Zander rolled his eyes in kind; here she was again with that same disapproving look each time they set foot in this place. He almost had to stop counting how many times he had to explain himself. 

"For the last time, Clover," he breathed. "Gaming culture is nothing without bad video games. Sometimes you have to experience bad ones to boost your appreciation for the good ones. Besides, imagine the kind of fortune I could resell this for. Why do you think I choose games with cult followings? I call it good marketing." 

Her expression was unmoving.  "It's called wasting your money. Why not spend your money on something actually worth your time? Like a stealth game where you have to, I don't know, use a box for stealth?"

She looked over at another shelf crowded with machines. Machines that could play almost any game, young and old, big and small; it all made her heart drop. "Better yet, we could get something that could play more modern games. My potato of a PC can't be upgraded with you spending our money like this."

"Well, I'm so sorry my job at the factory only lets us buy food and barely afford our bills," Zander spat, exasperated. "How's the streaming business doing, hm?" 

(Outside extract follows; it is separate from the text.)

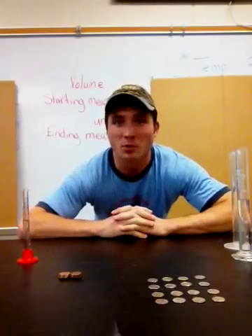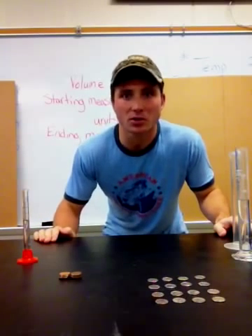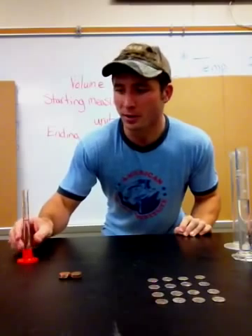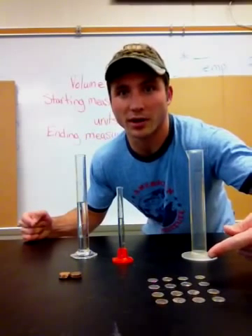Hey kids, today we're going to work on measuring volume. First of all, you're going to need a few different materials. To measure volume, we need the graduated cylinder and something to measure — I have some dimes right here.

 Clover was taken aback; her streams only garnered only about a hundred viewers on average. There were donations, but the money inevitably went to making up the difference Zander's paycheck couldn't pay. "At least it's a safety net. We'd save even more money if you'd just give up on your price gouging business. You're like a greedy raccoon." 

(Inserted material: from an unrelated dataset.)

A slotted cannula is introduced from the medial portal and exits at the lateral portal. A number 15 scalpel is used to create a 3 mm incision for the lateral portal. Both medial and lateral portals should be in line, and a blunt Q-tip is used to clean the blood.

"That's an idea, maybe I could start a loan shark housing business." Zander smirked as Clover grew further infuriated with her brother. They ultimately left empty handed except for a few obscure racing games that he would eventually try to sell for hundreds, when really he bought these games for less than ten USD. 

On their way home, their car came to a stop behind the bumper of another. It wouldn't be long until Zander would roll down his window and lean out of it to get a view of what was ahead of them. This allowed him to see a back up that seemed to stretch for almost a mile. "I knew we should've gone the other way. This is all your fault." Zander reconfigured his body in the seat to give his sister a glare. 

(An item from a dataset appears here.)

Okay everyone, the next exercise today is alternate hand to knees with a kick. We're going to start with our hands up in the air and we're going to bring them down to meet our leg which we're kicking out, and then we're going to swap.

"My fault?" she rolled her eyes, "you're the one that chose to go this way." 

A silence followed between the both of them; an amalgam of apprehension and displeasure  hung in the air like a dense fog. Clover took a deep breath and reached towards the radio in an attempt to find answers in her distracted mind. That was, until the sounds of a little girl's screaming pierced the air from a distance. 

*       *         *      *

Within a shadowy alley flooded with the pungent odor of discarded restaurant food and excrement, a dumpster's collection of trash bags shuddered and rustled; one fell out, then three more, the muffled grunting of a little girl now unhindered by garbage bags.